Looking Back

The sounds of music

I’ll bet just about everyone reading this column remembers bringing home papers from school that informed your parents about the opportunity to take lessons on a musical instrument. You could rent the instrument in the beginning and eventually buy it.

For me this musical opportunity came around the sixth grade. The usual “hype” accompanied the presentation to students. By the time school was over my two best friends and I knew we wanted to play the clarinet. I have no idea how we reached that conclusion.

Sister Emmanuel was a music teacher at Christ the King School back in the 1950s. Looking back she must have had the patience of a saint and plugs in her ears! I’ll bet I was one of the students she did not look forward to teaching on any given day.

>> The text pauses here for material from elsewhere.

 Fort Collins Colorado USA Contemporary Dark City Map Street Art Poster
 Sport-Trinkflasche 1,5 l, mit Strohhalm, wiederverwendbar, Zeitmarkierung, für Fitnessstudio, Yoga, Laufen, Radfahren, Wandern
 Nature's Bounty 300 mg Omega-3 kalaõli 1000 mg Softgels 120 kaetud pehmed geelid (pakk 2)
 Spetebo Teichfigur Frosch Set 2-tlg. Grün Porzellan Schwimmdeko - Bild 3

I recall that she told us a clarinet was not the instrument to play if we were concerned about beauty. “Why?” we asked. The answer: “Because it causes your chin to flatten out.” That threat to our beauty didn’t deter any of us, so the lessons began.

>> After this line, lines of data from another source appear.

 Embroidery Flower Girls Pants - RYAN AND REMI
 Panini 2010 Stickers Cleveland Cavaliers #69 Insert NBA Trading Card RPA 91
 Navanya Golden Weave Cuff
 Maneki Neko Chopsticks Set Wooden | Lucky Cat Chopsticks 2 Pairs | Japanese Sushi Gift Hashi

One plus of playing the clarinet was that we could be in the school marching band. We wore plaid caps, black pants, white shirts and bow ties. We were told that if we found ourselves to be out of step, just take a “half-step” and we would be back in sync. My parents were among those lining the street to watch as our school band paraded throughout downtown. Unfortunately, they watched me do a “half-step” for just about the entire parade. My father, who could find humor in most situations, told my mother, “They were all ‘out of step’ but Mary Ellen.”

I tired of the clarinet after about a year and wanted to try playing the flute. There was no logical reason for choosing that instrument. I simply liked the way it sounded. Unfortunately, I had even less talent with that instrument . . . if such a thing is possible. My two friends, on the other hand, were turning into quite talented clarinet players. I knew that my parents wouldn’t want me to simply quit without a fair trial. So I told them that I got dizzy playing the flute! They probably knew that such a medical condition didn’t exist but they realized that if they let me quit, the screeching sounds that echoed throughout our house would go away. So . . . goodbye flute!

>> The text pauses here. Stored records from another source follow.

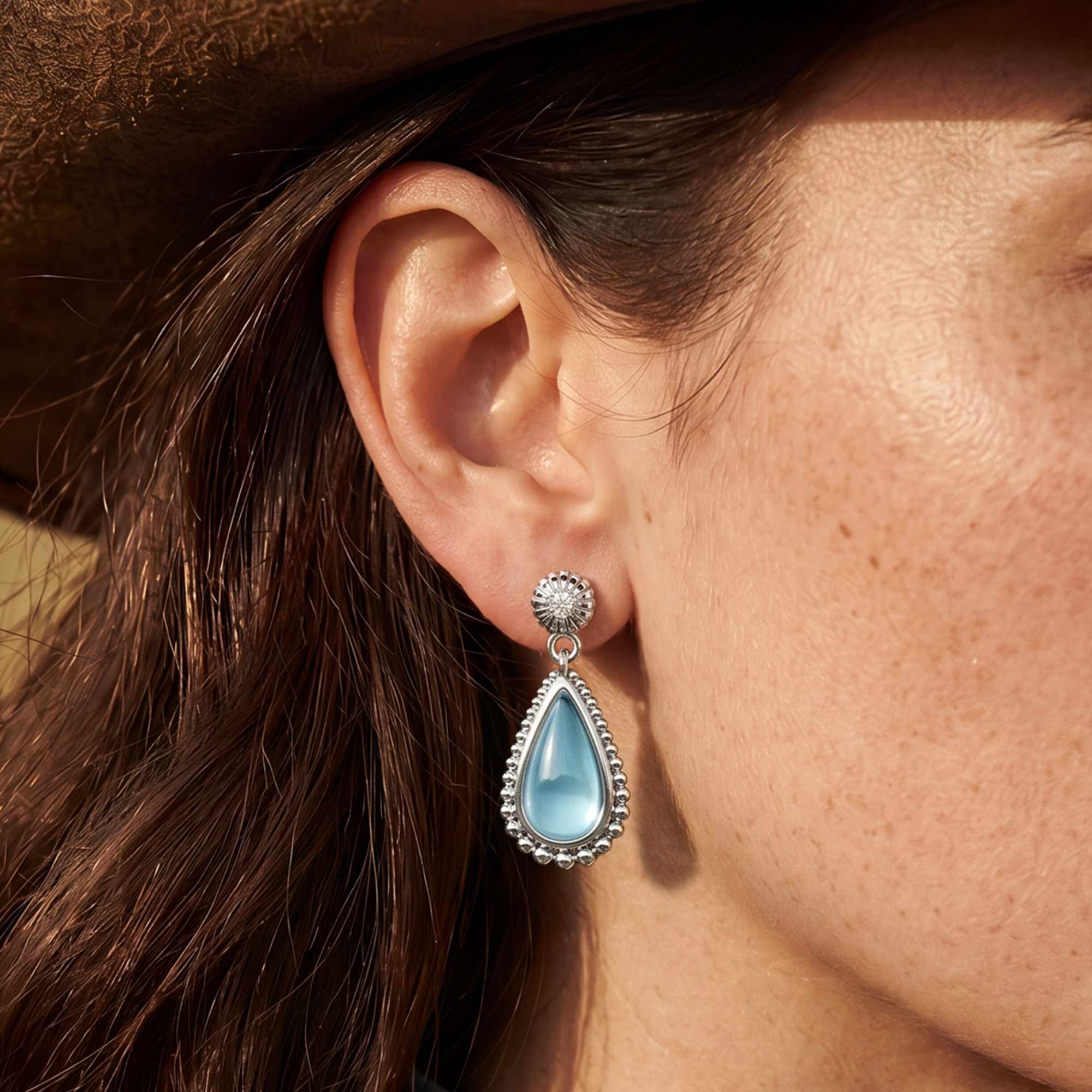 Desert Teardrop Earrings - Aquamarine 4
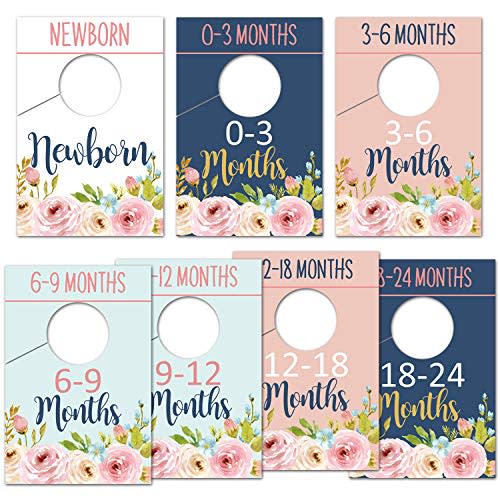 Baby Closet Size Dividers, Floral Closet Organizer for Girl, Nursery Wardrobe Divider Hangers to Arrange Clothes By Size or Age, Newborn Shower Gift, 0-24 Months
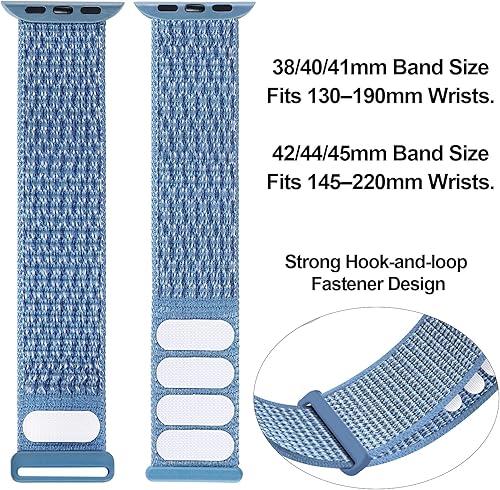 Miniatura 3 de Correa deportiva compatible con Apple Watch Band de 38 mm, 40 mm, 42 mm, 44 mm, iWatch Series 6 5 SE 4 3 2 1, correa de nailon con velcro para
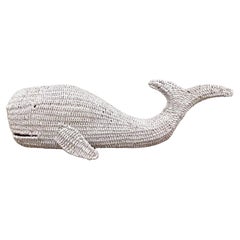 1970s Vintage  'Nantucket' White Wicker Sculpture of a Whale 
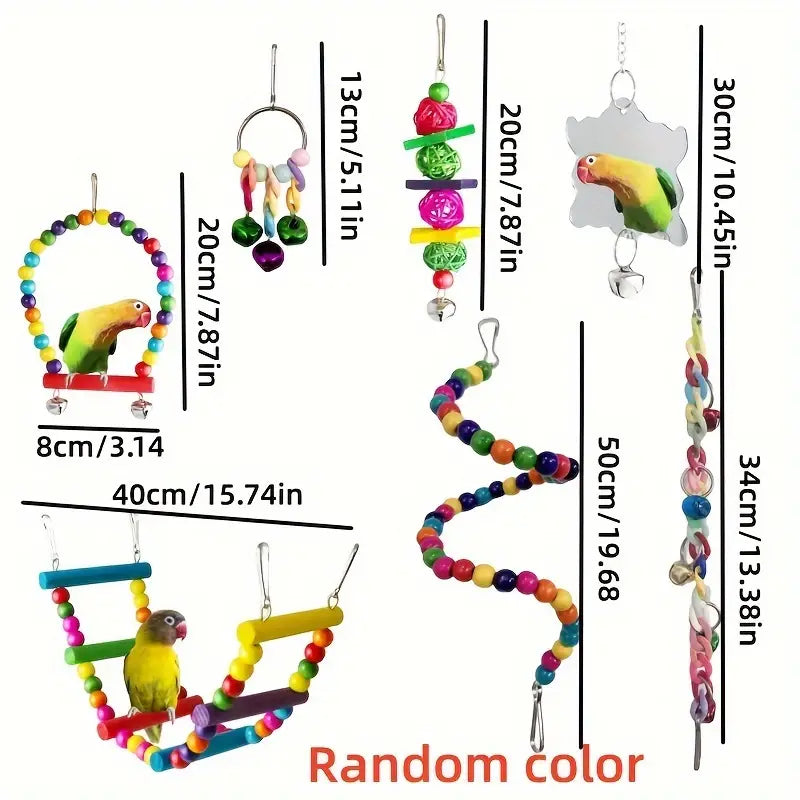 7pcs Colorful Bird Toy Set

But it didn’t end there. By eighth grade I wanted to play the piano. Christ the King had a different teacher for that. Her name was Sister Mary Louise. I wonder if Sister Emmanuel told her about my musical talent or “lack of”? This venture was doomed from day one as I didn’t have a piano at home. I was told I could practice on the piano in the school basement at the end of the day. I gave it my all for a few months but I have a feeling someone at school complained about my lack of musical talent. Out of the blue, my parents were offered the piano for free if we could get it out of the school basement. A piano mover was found and a space was cleared in our cellar for it. I practiced faithfully every day, much to the dismay of our next door neighbor. One day she called and told my mother that she had a migraine headache so please have me stop. I did.

Piano lessons meant a recital at the end of the school year. I played a duet with one of the most talented and musical students in the school. I think my part only had a few chords, and hopefully the other student made me look good.

Both the clarinet and piano are still in my family home where my husband, Peter, and I currently live. Several keys are stuck in the piano and the cork on the clarinet keys has dried out. These two musical instruments will probably remain here as long as we do. Both of them now have a different purpose. The clarinet case serves as a doorstop for a bedroom door that wants to close on its own. The piano top and key cover have become a storage place for multiple items. There is nothing like sentimentality to make you hold onto things.

Now that we are retired, the clarinet and piano could be repaired and my husband and I would have the start of a band! The neighbor with migraines has long gone but I’ll bet I could still produce a migraine in the current neighbors. Perhaps I had better stick to gardening. I’m pretty good at that!